Mr. Chairman, members of the Committee, thank you for this opportunity to discuss the President’s 2002 amended budget for the Department of Defense.

The U.S. Armed Forces are the world’s best-trained, best-equipped, most powerful military force in the world. They provide the security and stability that make peace and prosperity possible across the world. Indeed, no force on earth can do what they do—from the speed with which they can mobilize, to their effectiveness once they are in theater.

The preeminence of our military forces may lead some to ask: in this moment of peace, why do we need such an increase in the U.S. defense budget? The answer is simple: how long that peace lasts will almost certainly depend on our ability to defeat any adversary and maintain the unparalleled capabilities of the U.S. Armed Forces.

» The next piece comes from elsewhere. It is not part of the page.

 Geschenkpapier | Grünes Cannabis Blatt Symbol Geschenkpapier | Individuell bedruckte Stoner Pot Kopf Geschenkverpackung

However, we spent much of the 1990s living off the investments of the 1980s. We allowed our military capabilities to be slowly degraded as we overused a shrinking and under-funded force. To their enormous credit, America’s dedicated servicemen and women dutifully did more with less -- putting off needed investment in training, infrastructure, maintenance, and procurement to keep up with a proliferation of missions.

Many in Congress -- and on this Committee -- worked hard to give them more resources. But notwithstanding those efforts, an imprudent policy of overworking and under-funding our troops continued – a policy that has now, not surprisingly, begun to take its toll. It has harmed the morale of our forces. It has harmed their readiness to meet current threats. And it is undermining our ability to prepare for the threats of the future—because defense decisions and investments can sometimes take 10 to 15 years to reach fruition, especially when it comes to developing and fielding innovative new weapons systems.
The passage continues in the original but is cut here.